Le jardin divers des lettres belges

La Belgique francophone compte, au mètre carré, un nombre étonnant d’écrivains de qualité. Parcours d’un paysage aussi riche que diversifié

La littérature n’est pas une entreprise, mais un paysage. Pas question, donc, de dresser un bilan, mais bien de convier à une promenade, riche en rencontres de qualité. Notre tour d’horizon le confirme à l’envi. Précisons que cette évocation est loin d’être exhaustive, en particulier en ce qui concerne les dramaturges, dignes d’un dossier à part entière.

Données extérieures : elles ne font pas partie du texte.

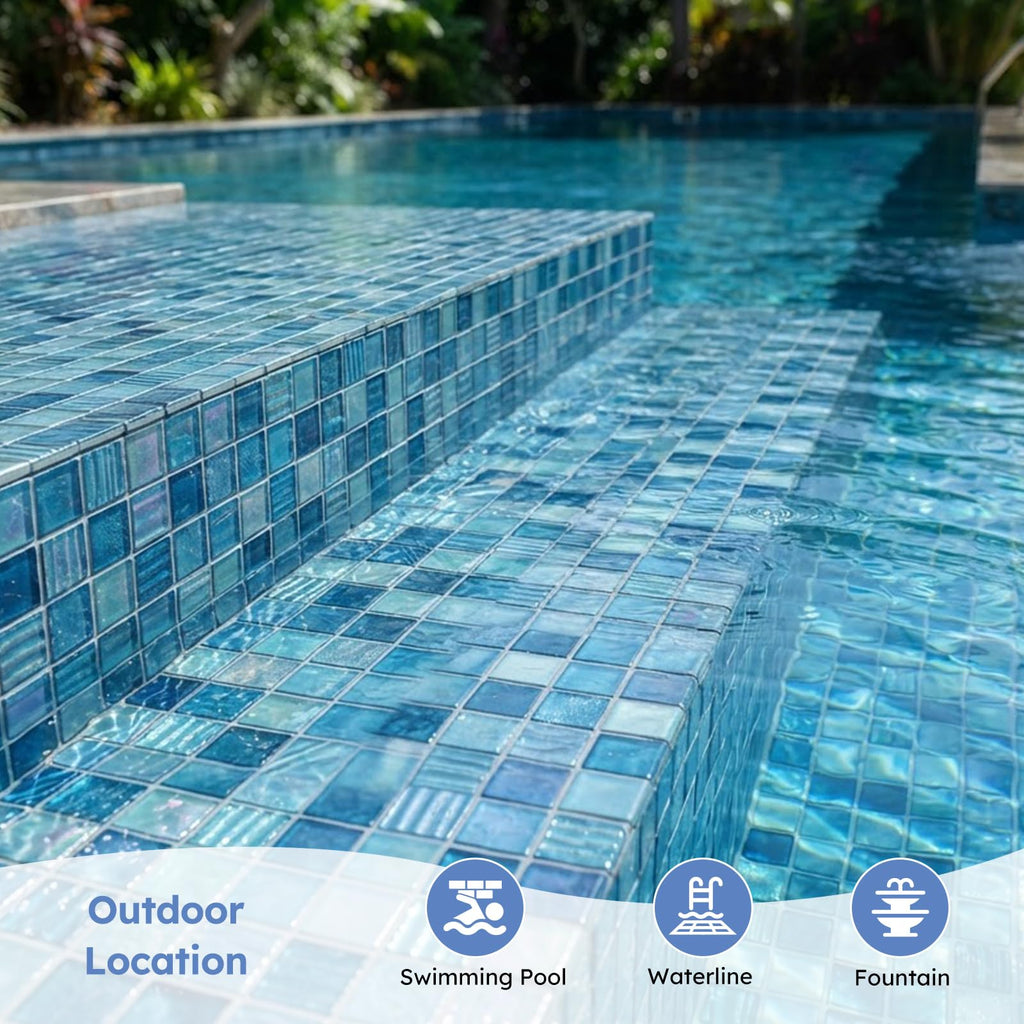 Pool Glass Mosaic Tiles, Iridescent Aqua, 1 Inch Sqaure, 5 Sheets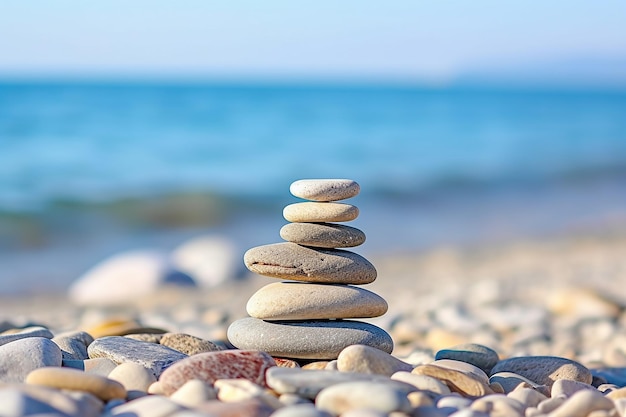 Pebble Tower Balance Harmonious Stones Arrangement on Sea Beach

Ce parcours se limite volontairement à la génération actuelle, ce qui inclut évidemment les aînés qui continuent à nourrir activement notre patrimoine littéraire, tels les Bertin, Vaes, Rolin, Bauchau, Compère, Thinès et bien d’autres…

Les jeunes loups

Une fois n’est pas coutume, bousculons le protocole en faisant d’abord place aux jeunes loups: une meute de romanciers et nouvellistes, pleins de vitalité, aux talents divers et souvent originaux. Avec les noirceurs résolument piégées cultivées par Thomas Gunzig, tout juste couronné du prix Rossel, les fables socio-surréalistes de Nicolas Ancion ou les subtiles et énigmatiques évocations, par Xavier Hanotte, du jeu mortel des deux guerres mondiales. Avec l’oeuvre de Laurent De Graeve, disparu il y a peu, en pleine jeunesse, mais qui laisse derrière lui trois romans aussi importants par la flamboyance de l’écriture que par l’insolence salubre et par le courage de leurs positions contre l’hypocrisie et l’intolérance. Avec la rigueur d’épure des deux premiers romans du poète Daniel De Bruycker, ou avec l’imaginaire fantasque du nouvelliste Michel Torrekens. Avec la prolixité et l’éclectisme de polygraphes (ce n’est pas péjoratif) comme Vincent Engel, Xavier Deutsch ou Philippe Blasband qui tirent tous azimuts (nouvelles, romans, essais, théâtre, etc.), en ratant rarement leur cible.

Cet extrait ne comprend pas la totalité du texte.